Problem to solve ▸ Only the lines from the beginning of the data below through the line containing "Dresses Women Alice" belong in the response, each copied exactly.

▼▼▼

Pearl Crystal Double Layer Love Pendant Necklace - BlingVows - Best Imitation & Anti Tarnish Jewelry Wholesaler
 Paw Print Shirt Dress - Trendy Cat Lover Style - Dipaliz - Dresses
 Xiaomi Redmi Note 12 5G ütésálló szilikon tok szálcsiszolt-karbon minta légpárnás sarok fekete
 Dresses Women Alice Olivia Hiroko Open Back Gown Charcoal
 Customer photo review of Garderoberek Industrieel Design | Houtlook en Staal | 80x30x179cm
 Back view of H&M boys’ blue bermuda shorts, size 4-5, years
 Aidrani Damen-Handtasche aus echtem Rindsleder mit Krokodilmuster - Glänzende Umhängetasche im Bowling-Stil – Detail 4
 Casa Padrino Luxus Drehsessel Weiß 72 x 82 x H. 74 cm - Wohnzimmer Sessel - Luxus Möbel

▲▲▲

Answer section ▸
Pearl Crystal Double Layer Love Pendant Necklace - BlingVows - Best Imitation & Anti Tarnish Jewelry Wholesaler
 Paw Print Shirt Dress - Trendy Cat Lover Style - Dipaliz - Dresses
 Xiaomi Redmi Note 12 5G ütésálló szilikon tok szálcsiszolt-karbon minta légpárnás sarok fekete
 Dresses Women Alice Olivia Hiroko Open Back Gown Charcoal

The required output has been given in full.